Teimouri Hamid, Medvedeva Angela, Kolomeisky Anatoly B
Department of Chemistry, Rice University, Houston, Texas, United States.
Center for Theoretical Biological Physics, Rice University, Houston, Texas, United States.
bioRxiv. 2024 Mar 1:2024.02.27.582345. doi: 10.1101/2024.02.27.582345.

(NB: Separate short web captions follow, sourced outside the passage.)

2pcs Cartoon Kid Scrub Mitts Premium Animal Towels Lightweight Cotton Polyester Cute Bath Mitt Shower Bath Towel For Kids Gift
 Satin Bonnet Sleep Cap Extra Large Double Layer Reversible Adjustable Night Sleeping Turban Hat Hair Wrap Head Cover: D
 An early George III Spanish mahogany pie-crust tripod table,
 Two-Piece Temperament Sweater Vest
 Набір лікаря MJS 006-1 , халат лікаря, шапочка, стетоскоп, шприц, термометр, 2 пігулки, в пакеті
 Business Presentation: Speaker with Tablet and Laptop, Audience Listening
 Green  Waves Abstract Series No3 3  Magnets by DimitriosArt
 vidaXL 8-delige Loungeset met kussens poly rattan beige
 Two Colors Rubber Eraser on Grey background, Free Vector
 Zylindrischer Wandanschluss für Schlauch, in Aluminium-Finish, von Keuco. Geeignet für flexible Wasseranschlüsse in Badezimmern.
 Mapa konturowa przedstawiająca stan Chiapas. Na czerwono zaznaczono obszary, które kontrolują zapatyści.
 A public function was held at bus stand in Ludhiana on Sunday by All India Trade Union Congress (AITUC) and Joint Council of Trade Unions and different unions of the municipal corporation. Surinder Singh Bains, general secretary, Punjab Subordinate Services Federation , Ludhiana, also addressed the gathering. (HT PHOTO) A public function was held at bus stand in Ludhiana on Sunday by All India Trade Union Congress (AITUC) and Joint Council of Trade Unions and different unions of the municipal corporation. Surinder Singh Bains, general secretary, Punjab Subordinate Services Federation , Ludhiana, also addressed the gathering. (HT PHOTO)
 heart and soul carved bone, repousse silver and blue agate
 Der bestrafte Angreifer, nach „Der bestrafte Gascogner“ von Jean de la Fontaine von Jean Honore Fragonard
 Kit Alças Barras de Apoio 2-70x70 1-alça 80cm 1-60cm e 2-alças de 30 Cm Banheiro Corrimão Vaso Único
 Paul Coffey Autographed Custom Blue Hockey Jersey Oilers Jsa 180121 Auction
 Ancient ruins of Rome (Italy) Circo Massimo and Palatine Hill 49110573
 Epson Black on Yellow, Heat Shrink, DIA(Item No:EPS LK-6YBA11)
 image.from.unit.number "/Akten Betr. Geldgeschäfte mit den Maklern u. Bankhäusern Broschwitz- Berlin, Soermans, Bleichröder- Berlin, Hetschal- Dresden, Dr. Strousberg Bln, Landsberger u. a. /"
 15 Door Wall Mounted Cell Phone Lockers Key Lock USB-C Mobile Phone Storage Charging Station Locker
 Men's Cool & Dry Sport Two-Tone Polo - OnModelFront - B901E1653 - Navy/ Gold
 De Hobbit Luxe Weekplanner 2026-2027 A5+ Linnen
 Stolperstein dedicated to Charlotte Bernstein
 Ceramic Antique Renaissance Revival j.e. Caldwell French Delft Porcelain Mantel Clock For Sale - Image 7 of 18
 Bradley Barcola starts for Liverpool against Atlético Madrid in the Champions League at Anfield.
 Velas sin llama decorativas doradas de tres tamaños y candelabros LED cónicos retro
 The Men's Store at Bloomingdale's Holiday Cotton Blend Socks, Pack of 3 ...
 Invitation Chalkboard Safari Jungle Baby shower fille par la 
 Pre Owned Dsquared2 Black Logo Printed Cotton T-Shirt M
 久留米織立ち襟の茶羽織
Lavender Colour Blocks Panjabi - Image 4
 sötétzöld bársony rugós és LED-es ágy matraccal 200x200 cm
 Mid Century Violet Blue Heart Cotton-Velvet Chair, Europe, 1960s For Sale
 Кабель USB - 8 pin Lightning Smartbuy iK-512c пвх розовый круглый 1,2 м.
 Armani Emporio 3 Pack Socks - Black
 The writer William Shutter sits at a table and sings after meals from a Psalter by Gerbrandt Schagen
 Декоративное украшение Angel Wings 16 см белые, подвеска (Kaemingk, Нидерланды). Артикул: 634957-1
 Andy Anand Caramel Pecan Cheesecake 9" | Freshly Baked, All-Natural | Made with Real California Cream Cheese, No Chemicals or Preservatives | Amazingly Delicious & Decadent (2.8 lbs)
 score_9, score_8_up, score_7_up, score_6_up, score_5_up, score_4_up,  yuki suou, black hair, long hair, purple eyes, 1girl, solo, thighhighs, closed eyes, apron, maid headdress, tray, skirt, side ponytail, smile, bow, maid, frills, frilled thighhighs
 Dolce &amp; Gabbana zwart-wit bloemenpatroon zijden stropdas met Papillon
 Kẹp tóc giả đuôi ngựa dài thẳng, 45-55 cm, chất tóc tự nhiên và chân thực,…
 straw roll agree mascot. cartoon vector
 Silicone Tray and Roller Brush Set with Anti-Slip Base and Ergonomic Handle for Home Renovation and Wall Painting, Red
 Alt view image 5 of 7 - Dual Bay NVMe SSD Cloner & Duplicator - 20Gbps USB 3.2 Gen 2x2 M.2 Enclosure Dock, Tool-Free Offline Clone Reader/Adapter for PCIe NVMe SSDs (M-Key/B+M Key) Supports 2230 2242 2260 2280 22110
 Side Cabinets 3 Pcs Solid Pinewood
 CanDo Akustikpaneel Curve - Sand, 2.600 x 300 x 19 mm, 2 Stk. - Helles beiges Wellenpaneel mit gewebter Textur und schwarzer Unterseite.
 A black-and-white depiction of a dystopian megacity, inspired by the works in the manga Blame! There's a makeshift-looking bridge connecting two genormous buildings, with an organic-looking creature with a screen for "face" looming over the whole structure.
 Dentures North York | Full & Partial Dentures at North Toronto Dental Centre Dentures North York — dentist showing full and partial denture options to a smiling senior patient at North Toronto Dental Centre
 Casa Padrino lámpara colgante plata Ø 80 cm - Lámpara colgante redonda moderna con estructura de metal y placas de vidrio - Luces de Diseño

The ability to accurately predict protein-protein interactions is critically important for our understanding of major cellular processes. However, current experimental and computational approaches for identifying them are technically very challenging and still have limited success. We propose a new computational method for predicting protein-protein interactions using only primary sequence information. It utilizes a concept of physical-chemical similarity to determine which interactions will most probably occur. In our approach, the physical-chemical features of protein are extracted using bioinformatics tools for different organisms, and then they are utilized in a machine-learning method to identify successful protein-protein interactions via correlation analysis. It is found that the most important property that correlates most with the protein-protein interactions for all studied organisms is dipeptide amino acid compositions. The analysis is specifically applied to the bacterial two-component system that includes histidine kinase and transcriptional response regulators. Our theoretical approach provides a simple and robust method for quantifying the important details of complex mechanisms of biological processes.
准确预测蛋白质-蛋白质相互作用的能力对于我们理解主要细胞过程至关重要。然而,目前用于识别它们的实验和计算方法在技术上极具挑战性,且成功率仍然有限。我们提出了一种仅使用一级序列信息来预测蛋白质-蛋白质相互作用的新计算方法。它利用物理化学相似性的概念来确定最可能发生的相互作用。在我们的方法中,使用生物信息学工具为不同生物体提取蛋白质的物理化学特征,然后将其用于机器学习方法,通过相关性分析来识别成功的蛋白质-蛋白质相互作用。结果发现,对于所有研究的生物体,与蛋白质-蛋白质相互作用相关性最高的最重要属性是二肽氨基酸组成。该分析特别应用于包括组氨酸激酶和转录反应调节因子的细菌双组分系统。我们的理论方法为量化生物过程复杂机制的重要细节提供了一种简单而稳健的方法。